Can I also say I laugh at the term self-fulfilling prophecy? Because the “prophecy” did a real good fucking job of fulfilling itself long before I ever felt this way.

Sure, knock yourself out.

Here you are, brain the size of a planet, and this is the way we treat you? I suppose nobody has ever bothered to replace all those diodes down your left side in all this time, either . . .

I can’t help but read Mookie’s posts in the same kind of nasally tone as the son in Swamp Castle in Monty Python’s Holy Grail (but Faaather, I want… to SING!!!)

Only he would be accompanied by Sad Trombone instead of swelling strings.

I was on anti-depressants for 12 years for anxiety.
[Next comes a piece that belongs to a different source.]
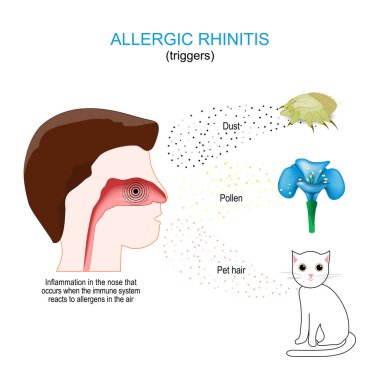 Alerjik rhinitis. Burun iltihabı, bağışıklık sisteminin havadaki alerjilere tepki vermesiyle oluşur. Toz, polen ve evcil hayvan kılı. İnsan burnunun kesiti.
I did therapy for a year after going on them, but my symptoms disappeared, so I stopped going to therapy.

Five years ago, I hit a bit of a rough patch with some stuff. I tried to deny all those emotions, but when someone I knew attempted suicide, it hit me that suicide didn’t seem like that bad an option. That scared the shit out of me, so I called my health care provider for a referral for a therapist.

Through the therapist and a psychiatrist, I am now off anti-depressants. It took 4 months of reducing dosages and tapering off, but it did happen. My doctors were nothing but 110% cooperative and very willing to take it as slow as I wanted to.

I still have issues, but I am proud to say I have the coping skills to deal with life and not be reduced to a blithering ball of anxiety when shit happens. My family is full of denial, addiction and emotional manipulation. I was full of denial, isolation and emotional repression. Those elements are still there, but I can actually talk about them and work them out so that they don’t rule my life anymore.

I felt this way as well and I am glad to say I no longer feel this way. I clung to my anger and resentments as if they were what was keeping me alive. Those feelings were instead keeping me isolated and unable to really connect with anyone (including myself) on an emotional level.

Treatment (whether it be therapy or medication) is not going to make you a different person, hell, it may not even make you a “better” person. It’s not going to make you delusional or ignorant of reality, because you already are. Emotions are not rational and trying to rationalize them will just make you even more insufferable.

If drugs are the real stumbling block, you can do a hell of a lot of good with just eating healthy and getting regular exercise.

I was very resistant to taking anti-depressants. Eventually tried out of desperation. They did some good for a while, but seemed like less as time went on. They don’t make you feel happy, they stop the depression. Once the depression is mostly gone, they don’t do much except the side effects are still there.

For me, the drugs gave me enough of a kick start to work on eating better and riding my bike a lot. Which I think did more good than the drugs, but probably wouldn’t have happened but for the drugs.

Is your therapist using CBT? If not you should look into that.